Ook is er de geldkwestie. Catalonië is een van Spanje’s meest welvarende regio’s. Dat steekt, want de Catalanen dragen veel inkomsten af aan de regering in Madrid, terwijl zij er naar eigen mening veel te weinig van terug zien. Zo wordt steen en been geklaagd over de nationale spoorwegen, Renfe. ‘Dat zouden de Catalanen veel beter zelf kunnen regelen’, is een veel gehoorde mening. En de inwoners van de Spaanse hoofdstad intussen hebben er meer dan genoeg van dat de Catalanen altijd maar meer willen en eisen.

Gierigheid en taalverschillen vormen een geliefd moppenthema voor met name Madrilenen. Een voorbeeld. Vraagt Madrileen in een bar in Barcelona om een biertje. De ober serveert en zegt: ‘Són noranta-cinc cèntims’. De klant legt negentig cent neer, waarop de ober zegt: ‘Escolti falten cinc cèntims’. De klant kijkt niet op, dus probeert de ober het nog eens: ‘Escolti que em deu cinc cèntims. M’està escoltant perfectament.’ Weer kijkt de klant niet op. Uiteindelijk schreeuwt de ober, rood aangelopen van woede: ‘Oiga desgraciado. Me está entendiendo perfectamente, págueme los cinco céntimos que me debe.’ Waarop de klant lacht: ‘Ik wist dat je voor vijf cent uiteindelijk wel Spaans zou spreken.’

Overigens denkt niet iedereen dat Madrid en Barcelona met elkaar op vijandige voet staan. Volgens journaliste Margarita Rivière is de zogenaamde rivaliteit opgeklopt door politiek en media, maar hebben de inwoners zelf geen problemen met ‘de andere grote stad van Spanje’. Het voetbal is dan weliswaar een uitlaatklep voor bestaande spanningen, maar de steden lijken ook steeds meer op elkaar, aldus Rivière. Ze signaleert dat bijvoorbeeld politieke ideeën of modetrends, die in het verleden via Barcelona Spanje bereikten, nu ook via Madrid binnenkomen. Bovendien leidt het taalverschil volgens de journaliste helemaal niet tot conflicten.

Tijdens het EK van dit jaar werd zowel in Madrid als Barcelona groots feest gevierd toen het Spaanse elftal, waar ook veel Catalanen deel van uitmaakten, de beker won.
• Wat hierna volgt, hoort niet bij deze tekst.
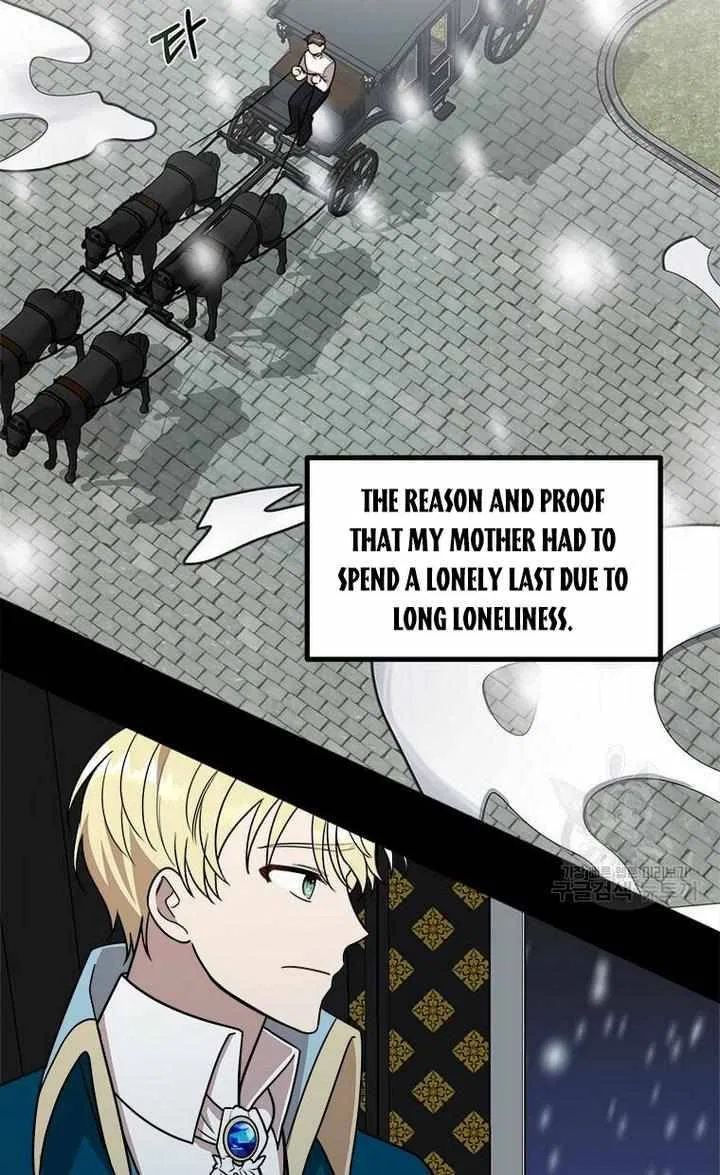 Four Dangerous Brothers to My Rescue! Chapter 12 – Page 82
In de hele wereld berichtten kranten over hoe regionale verschillen ineens plaats maakten voor nationale vreugde. Misschien dat de beide steden in de toekomst inderdaad nader tot elkaar groeien. Maar vooralsnog zal tijdens de volgende Klassieker (vandaag) wel weer een ware veldslag geleverd worden, zoals de traditie dat betaamt.